▶ _TASK GOAL_: Would you reproduce the listing exactly, leaving nothing out?

▶ _DATA TO USE_:
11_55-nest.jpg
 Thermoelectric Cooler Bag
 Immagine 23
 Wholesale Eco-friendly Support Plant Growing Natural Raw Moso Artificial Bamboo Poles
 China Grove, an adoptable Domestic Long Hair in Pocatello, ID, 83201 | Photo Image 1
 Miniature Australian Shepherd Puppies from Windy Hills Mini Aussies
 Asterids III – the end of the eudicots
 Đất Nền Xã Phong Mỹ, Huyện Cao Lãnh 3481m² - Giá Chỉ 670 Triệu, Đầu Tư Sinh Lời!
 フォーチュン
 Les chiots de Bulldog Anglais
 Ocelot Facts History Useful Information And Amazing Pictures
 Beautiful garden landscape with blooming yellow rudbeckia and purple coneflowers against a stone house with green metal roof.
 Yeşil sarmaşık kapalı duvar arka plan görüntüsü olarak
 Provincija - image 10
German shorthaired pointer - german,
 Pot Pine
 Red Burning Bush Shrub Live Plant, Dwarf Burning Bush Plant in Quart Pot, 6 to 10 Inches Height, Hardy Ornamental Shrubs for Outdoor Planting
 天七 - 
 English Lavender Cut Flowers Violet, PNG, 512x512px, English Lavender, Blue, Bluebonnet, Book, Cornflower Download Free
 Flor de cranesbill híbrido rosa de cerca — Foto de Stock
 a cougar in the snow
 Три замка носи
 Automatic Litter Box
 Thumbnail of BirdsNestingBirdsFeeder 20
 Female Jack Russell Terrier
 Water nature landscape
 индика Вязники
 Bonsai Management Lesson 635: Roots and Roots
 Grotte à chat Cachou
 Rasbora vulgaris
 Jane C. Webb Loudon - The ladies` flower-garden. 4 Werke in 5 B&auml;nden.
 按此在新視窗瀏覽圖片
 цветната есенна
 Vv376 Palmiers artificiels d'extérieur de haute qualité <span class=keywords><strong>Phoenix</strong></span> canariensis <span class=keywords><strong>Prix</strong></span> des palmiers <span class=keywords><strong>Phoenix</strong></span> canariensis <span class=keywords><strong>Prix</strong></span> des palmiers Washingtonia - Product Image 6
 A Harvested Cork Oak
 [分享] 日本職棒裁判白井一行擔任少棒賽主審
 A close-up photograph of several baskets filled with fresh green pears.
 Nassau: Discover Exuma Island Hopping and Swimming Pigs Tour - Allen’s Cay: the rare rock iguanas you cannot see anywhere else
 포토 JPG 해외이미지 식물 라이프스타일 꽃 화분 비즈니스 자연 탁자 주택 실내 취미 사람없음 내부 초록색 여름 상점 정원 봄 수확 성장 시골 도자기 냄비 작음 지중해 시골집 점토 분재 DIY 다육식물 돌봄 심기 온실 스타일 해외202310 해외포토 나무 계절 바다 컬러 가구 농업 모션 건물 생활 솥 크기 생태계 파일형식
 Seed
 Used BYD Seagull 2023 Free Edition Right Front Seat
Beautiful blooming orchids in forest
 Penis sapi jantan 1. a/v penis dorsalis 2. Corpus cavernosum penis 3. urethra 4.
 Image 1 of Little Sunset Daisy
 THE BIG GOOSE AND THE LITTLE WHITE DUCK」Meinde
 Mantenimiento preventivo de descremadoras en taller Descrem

▶ _TASK SOLUTION_:
11_55-nest.jpg
 Thermoelectric Cooler Bag
 Immagine 23
 Wholesale Eco-friendly Support Plant Growing Natural Raw Moso Artificial Bamboo Poles
 China Grove, an adoptable Domestic Long Hair in Pocatello, ID, 83201 | Photo Image 1
 Miniature Australian Shepherd Puppies from Windy Hills Mini Aussies
 Asterids III – the end of the eudicots
 Đất Nền Xã Phong Mỹ, Huyện Cao Lãnh 3481m² - Giá Chỉ 670 Triệu, Đầu Tư Sinh Lời!
 フォーチュン
 Les chiots de Bulldog Anglais
 Ocelot Facts History Useful Information And Amazing Pictures
 Beautiful garden landscape with blooming yellow rudbeckia and purple coneflowers against a stone house with green metal roof.
 Yeşil sarmaşık kapalı duvar arka plan görüntüsü olarak
 Provincija - image 10
German shorthaired pointer - german,
 Pot Pine
 Red Burning Bush Shrub Live Plant, Dwarf Burning Bush Plant in Quart Pot, 6 to 10 Inches Height, Hardy Ornamental Shrubs for Outdoor Planting
 天七 - 
 English Lavender Cut Flowers Violet, PNG, 512x512px, English Lavender, Blue, Bluebonnet, Book, Cornflower Download Free
 Flor de cranesbill híbrido rosa de cerca — Foto de Stock
 a cougar in the snow
 Три замка носи
 Automatic Litter Box
 Thumbnail of BirdsNestingBirdsFeeder 20
 Female Jack Russell Terrier
 Water nature landscape
 индика Вязники
 Bonsai Management Lesson 635: Roots and Roots
 Grotte à chat Cachou
 Rasbora vulgaris
 Jane C. Webb Loudon - The ladies` flower-garden. 4 Werke in 5 B&auml;nden.
 按此在新視窗瀏覽圖片
 цветната есенна
 Vv376 Palmiers artificiels d'extérieur de haute qualité <span class=keywords><strong>Phoenix</strong></span> canariensis <span class=keywords><strong>Prix</strong></span> des palmiers <span class=keywords><strong>Phoenix</strong></span> canariensis <span class=keywords><strong>Prix</strong></span> des palmiers Washingtonia - Product Image 6
 A Harvested Cork Oak
 [分享] 日本職棒裁判白井一行擔任少棒賽主審
 A close-up photograph of several baskets filled with fresh green pears.
 Nassau: Discover Exuma Island Hopping and Swimming Pigs Tour - Allen’s Cay: the rare rock iguanas you cannot see anywhere else
 포토 JPG 해외이미지 식물 라이프스타일 꽃 화분 비즈니스 자연 탁자 주택 실내 취미 사람없음 내부 초록색 여름 상점 정원 봄 수확 성장 시골 도자기 냄비 작음 지중해 시골집 점토 분재 DIY 다육식물 돌봄 심기 온실 스타일 해외202310 해외포토 나무 계절 바다 컬러 가구 농업 모션 건물 생활 솥 크기 생태계 파일형식
 Seed
 Used BYD Seagull 2023 Free Edition Right Front Seat
Beautiful blooming orchids in forest
 Penis sapi jantan 1. a/v penis dorsalis 2. Corpus cavernosum penis 3. urethra 4.
 Image 1 of Little Sunset Daisy
 THE BIG GOOSE AND THE LITTLE WHITE DUCK」Meinde
 Mantenimiento preventivo de descremadoras en taller Descrem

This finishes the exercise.